Nothing official about it: What is parenthood like minus marriage?

As breaking ‘good news’ goes, this one is a modern classic. Kalki Koechlin sharing an image of herself cradling her baby bump on Instagram, with the caption, “Relieved I can let that bump hang free after months of stuffing it into costumes which fit me at the beginning of shoot schedules in July but were not so easy to zip up by mid September!”

And just like that, by talking baby bumps and costumes, the actress delivered another blow to the ‘sin’ that is unwed motherhood.

Koechlin, who evidently has no plans yet to marry boyfriend and father of her child, Guy Hershberg, has company in the likes of Arjun Rampal and girlfriend, Gabriella Demetriades, who had their lovechild recently and marriage isn’t on the cards for them either.

The list is longer... Not long ago, Mithun Purandare and his Canadian-Belgian lover Anami had their child out of wedlock, as did Purab Kohli and then-fiance Lucy Payton, a UK-based yoga teacher. Mahie Gil who revealed she had a three-year-old daughter, shot back,

“What is the need for marriage? Families and children can be made without marriage. Everyone has their own life, everyone has their own principles. Marriage is a beautiful thing, but getting married or not is a personal choice.”

It does appear that the 2010 Pew Research survey is increasingly valid for India as well.

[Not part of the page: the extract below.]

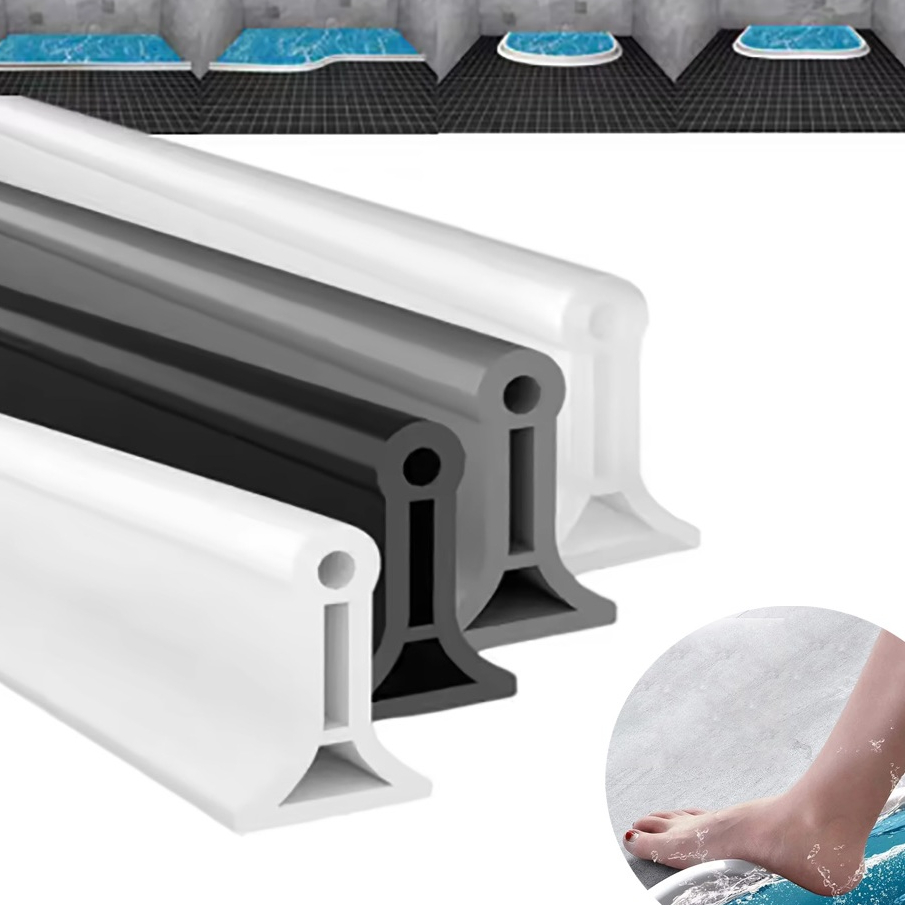 Barreira de Agua Retenção em Silicone Vedação Area Molhada Banheiro Box Lavanderia dupla face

The analysis of attitudinal surveys had showed that today’s 18- to 29-year-olds value parenthood far more than marriage.

In fact, 52% of millennials said that being a good parent is “one of the most important things” in life, while just 30% said the same about having a successful marriage.

The survey also found that millennials are less likely than adults ages 30 and older to say that a child needs a home with both a father and mother to grow up happily and that single parenthood and unmarried couple parenthood were bad for society.

A privilege?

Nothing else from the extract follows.